Beats the hell outa last year. Hunted a week and got skunked! :evil:

Big thanks to my buddy Mike for having me out this year. We had a blast!


----------



## manysteps (Sep 28, 2009)

WOW :shock:


----------



## Mojo1 (Sep 8, 2007)

Nice!!


----------



## bwhntr (Sep 12, 2007)

8)


----------



## izzydog (Jan 18, 2008)

Saweeet!


----------



## BPturkeys (Sep 13, 2007)

Very nice there Tex. Great looking birds. Hey, two of them look pretty darn brown...Eastern??


----------



## TEX-O-BOB (Sep 12, 2007)

BPturkeys said:


> Very nice there Tex. Great looking birds. Hey, two of them look pretty darn brown...Eastern??
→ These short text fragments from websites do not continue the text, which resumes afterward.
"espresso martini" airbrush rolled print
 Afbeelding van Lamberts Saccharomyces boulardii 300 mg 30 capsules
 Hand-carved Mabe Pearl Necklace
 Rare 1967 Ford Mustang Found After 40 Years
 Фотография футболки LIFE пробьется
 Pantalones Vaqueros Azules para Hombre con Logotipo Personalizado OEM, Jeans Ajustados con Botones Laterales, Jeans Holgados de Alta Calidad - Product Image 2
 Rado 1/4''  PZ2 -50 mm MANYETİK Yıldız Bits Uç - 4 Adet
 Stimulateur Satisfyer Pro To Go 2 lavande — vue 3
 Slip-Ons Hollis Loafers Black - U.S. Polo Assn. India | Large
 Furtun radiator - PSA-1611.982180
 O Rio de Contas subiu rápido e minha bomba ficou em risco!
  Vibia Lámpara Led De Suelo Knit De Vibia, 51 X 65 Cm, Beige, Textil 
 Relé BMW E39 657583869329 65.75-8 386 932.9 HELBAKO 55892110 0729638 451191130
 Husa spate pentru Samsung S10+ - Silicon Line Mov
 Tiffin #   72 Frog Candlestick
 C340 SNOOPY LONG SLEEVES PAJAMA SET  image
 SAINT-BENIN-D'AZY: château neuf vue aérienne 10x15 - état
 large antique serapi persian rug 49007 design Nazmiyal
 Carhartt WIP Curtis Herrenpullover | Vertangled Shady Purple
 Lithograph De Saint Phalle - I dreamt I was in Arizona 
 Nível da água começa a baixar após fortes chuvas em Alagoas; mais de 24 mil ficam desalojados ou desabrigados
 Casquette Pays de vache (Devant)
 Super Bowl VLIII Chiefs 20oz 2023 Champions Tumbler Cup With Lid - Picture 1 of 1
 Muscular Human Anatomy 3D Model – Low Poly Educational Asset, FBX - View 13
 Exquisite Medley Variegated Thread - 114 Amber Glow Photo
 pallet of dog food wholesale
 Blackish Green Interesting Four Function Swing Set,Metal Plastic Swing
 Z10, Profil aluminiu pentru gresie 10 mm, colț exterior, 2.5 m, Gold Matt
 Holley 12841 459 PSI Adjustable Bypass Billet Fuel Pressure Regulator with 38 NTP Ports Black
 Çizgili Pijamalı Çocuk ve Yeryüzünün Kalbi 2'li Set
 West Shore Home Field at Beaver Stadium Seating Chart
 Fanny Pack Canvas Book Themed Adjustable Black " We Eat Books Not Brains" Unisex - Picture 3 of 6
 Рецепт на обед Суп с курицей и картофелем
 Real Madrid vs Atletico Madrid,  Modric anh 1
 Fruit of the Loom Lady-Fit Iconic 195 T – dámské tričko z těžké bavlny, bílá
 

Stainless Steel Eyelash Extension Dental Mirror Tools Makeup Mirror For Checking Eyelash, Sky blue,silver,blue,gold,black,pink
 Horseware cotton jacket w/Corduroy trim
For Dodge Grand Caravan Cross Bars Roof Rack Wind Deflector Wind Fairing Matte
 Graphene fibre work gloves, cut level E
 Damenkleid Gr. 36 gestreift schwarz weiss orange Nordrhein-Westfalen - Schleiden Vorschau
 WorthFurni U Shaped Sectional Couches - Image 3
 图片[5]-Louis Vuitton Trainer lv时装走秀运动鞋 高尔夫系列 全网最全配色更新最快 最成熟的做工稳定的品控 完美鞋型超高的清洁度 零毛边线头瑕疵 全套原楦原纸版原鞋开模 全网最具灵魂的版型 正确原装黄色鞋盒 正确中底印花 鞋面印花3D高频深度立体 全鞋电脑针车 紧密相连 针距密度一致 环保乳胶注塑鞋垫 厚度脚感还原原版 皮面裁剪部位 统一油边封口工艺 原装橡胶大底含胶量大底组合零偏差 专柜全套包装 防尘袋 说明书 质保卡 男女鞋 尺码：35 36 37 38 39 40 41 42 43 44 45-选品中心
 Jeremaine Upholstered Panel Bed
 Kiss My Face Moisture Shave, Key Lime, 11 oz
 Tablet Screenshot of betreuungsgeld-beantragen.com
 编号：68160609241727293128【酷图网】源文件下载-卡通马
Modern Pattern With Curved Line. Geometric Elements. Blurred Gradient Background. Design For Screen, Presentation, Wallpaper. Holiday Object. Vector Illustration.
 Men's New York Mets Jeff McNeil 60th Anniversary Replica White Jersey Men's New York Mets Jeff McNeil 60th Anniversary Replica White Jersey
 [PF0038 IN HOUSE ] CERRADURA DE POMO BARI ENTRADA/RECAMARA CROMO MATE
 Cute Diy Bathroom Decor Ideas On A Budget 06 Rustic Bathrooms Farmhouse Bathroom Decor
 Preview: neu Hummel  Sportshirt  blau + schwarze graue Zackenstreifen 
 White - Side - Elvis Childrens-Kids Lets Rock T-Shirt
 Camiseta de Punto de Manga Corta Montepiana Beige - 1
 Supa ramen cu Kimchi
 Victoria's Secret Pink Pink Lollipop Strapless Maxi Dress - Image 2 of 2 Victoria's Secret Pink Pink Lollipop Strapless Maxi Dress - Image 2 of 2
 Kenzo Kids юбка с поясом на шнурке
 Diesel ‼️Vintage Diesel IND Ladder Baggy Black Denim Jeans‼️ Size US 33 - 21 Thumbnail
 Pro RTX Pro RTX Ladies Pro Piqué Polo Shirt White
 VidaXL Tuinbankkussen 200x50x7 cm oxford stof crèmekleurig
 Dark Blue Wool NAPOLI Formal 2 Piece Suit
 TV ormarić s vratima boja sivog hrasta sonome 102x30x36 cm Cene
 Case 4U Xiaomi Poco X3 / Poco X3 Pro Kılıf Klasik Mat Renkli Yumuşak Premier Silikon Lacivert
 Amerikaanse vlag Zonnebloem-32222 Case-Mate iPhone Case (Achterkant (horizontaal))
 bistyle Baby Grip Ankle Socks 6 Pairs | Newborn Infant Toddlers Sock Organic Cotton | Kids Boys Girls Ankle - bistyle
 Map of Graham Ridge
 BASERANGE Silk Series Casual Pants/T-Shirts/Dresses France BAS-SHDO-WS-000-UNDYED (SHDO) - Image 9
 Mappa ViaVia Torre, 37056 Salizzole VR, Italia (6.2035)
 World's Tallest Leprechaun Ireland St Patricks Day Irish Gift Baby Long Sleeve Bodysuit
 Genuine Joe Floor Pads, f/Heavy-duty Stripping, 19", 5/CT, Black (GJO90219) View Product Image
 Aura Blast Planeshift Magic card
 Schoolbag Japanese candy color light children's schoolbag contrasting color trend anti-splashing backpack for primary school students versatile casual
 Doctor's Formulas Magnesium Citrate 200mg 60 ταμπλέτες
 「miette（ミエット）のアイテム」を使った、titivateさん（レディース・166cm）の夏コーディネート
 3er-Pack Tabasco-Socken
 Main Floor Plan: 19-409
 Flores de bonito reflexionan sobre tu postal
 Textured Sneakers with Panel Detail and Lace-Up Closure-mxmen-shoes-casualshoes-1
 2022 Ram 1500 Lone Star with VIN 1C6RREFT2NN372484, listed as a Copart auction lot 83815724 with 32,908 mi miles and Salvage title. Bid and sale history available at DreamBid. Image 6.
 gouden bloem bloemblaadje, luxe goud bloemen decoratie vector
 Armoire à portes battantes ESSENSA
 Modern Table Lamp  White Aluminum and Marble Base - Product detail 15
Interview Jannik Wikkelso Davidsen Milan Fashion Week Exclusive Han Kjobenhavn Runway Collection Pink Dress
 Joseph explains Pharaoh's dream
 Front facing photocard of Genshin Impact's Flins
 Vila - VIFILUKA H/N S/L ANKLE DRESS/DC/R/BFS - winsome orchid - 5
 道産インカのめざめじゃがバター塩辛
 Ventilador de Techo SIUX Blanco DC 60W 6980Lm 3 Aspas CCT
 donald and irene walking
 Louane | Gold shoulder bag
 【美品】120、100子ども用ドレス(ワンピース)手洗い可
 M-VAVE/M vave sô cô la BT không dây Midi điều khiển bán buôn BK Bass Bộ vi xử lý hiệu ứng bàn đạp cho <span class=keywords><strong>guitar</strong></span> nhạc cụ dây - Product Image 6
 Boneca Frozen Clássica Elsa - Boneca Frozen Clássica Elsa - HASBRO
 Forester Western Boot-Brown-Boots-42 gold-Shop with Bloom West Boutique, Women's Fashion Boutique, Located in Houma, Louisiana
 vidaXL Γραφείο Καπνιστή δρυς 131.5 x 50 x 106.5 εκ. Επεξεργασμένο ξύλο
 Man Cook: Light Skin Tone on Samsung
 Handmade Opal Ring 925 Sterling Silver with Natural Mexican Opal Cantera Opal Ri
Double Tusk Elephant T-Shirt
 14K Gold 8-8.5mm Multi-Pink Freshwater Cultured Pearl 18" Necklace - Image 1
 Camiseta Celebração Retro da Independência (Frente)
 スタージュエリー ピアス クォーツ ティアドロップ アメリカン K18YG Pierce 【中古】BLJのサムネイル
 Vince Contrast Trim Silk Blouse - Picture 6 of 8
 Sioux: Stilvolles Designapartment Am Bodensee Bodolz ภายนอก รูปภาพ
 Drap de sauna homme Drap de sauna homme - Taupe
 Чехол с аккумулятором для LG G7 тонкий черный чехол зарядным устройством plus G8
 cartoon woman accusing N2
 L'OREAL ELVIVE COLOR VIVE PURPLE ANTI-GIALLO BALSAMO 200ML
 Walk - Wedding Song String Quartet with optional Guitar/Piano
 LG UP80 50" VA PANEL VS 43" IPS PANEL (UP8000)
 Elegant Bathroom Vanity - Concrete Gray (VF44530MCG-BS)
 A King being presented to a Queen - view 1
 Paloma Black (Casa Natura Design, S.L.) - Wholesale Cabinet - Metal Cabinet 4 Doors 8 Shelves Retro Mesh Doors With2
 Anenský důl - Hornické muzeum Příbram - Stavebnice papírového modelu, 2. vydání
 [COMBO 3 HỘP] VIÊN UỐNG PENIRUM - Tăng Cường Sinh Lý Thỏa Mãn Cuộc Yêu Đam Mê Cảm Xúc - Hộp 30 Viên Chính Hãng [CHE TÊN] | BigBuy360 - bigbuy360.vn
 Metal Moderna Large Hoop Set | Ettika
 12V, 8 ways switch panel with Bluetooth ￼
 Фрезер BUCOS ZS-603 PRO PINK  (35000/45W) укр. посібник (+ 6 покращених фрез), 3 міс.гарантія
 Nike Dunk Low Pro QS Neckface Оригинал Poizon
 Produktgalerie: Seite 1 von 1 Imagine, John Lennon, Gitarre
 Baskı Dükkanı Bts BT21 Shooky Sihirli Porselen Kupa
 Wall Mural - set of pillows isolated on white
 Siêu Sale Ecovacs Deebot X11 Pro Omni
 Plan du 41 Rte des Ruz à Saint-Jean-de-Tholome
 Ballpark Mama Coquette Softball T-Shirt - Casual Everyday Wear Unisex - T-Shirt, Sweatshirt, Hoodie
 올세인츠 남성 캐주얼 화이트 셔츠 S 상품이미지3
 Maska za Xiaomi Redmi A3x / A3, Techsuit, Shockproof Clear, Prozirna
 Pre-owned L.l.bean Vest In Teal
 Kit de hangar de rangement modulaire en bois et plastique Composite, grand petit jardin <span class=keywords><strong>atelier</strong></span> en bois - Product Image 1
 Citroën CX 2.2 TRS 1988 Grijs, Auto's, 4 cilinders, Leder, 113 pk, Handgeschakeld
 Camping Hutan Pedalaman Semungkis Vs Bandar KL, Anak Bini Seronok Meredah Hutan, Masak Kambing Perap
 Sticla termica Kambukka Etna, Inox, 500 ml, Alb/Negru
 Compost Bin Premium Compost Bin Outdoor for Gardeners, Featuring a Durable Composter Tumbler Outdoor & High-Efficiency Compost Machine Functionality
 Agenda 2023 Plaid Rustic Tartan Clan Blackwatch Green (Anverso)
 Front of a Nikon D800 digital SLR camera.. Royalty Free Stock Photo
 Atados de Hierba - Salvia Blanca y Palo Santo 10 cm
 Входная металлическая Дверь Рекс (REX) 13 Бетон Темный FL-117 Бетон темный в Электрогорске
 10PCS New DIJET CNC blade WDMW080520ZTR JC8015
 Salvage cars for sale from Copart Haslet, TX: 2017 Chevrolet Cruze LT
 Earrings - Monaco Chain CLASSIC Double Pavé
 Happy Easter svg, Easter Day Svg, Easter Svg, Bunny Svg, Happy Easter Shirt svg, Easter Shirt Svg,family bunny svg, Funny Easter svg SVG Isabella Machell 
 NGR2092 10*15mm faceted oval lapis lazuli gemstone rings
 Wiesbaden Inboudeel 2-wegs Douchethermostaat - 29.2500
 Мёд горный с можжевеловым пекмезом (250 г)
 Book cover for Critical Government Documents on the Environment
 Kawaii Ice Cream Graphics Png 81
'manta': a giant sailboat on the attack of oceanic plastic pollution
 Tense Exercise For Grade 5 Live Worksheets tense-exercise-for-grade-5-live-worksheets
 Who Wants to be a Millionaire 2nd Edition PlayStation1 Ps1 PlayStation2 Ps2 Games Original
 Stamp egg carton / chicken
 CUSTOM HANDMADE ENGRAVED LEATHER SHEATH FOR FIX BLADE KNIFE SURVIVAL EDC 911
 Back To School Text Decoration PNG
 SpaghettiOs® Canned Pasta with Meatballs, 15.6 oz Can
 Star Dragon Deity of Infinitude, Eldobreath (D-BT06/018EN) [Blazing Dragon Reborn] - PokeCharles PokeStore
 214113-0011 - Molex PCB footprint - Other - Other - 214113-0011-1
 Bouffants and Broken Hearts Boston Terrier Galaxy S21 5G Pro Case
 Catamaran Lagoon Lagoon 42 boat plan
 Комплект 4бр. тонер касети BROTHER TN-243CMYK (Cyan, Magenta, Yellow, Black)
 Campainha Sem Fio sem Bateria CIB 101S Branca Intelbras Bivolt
Yup! Twenty years ago the only thing up there was Marriums. Then some clown brought in a bunch of Easterns and let em go. Now you never know what yer gonna get...


----------



## birdman (Nov 21, 2007)

The more it doesn't happen, the more you appreciate when it does. Congrats.


----------



## Road Runner (Mar 20, 2010)

Nice! Looks like Idaho. I love it up there. Great Job.


----------



## Bears Butt (Sep 12, 2007)

How Sweet It Is! Congrats!


----------



## dkhntrdstn (Sep 7, 2007)

well nice job and i hope you still some luck left for the next couple weekends. to get those kids there birds.


----------



## TEX-O-BOB (Sep 12, 2007)

Yup, hopefully the birds will cooperate as well for us up there.


----------



## SureShot (Oct 2, 2007)

Very nice! Congratulations on some great birds and some wonderful artsy pictures.


----------



## Bowdacious (Sep 16, 2007)

Well well....looks like I need to go out of state for some turkey hunting! Well done! Love the pics!


----------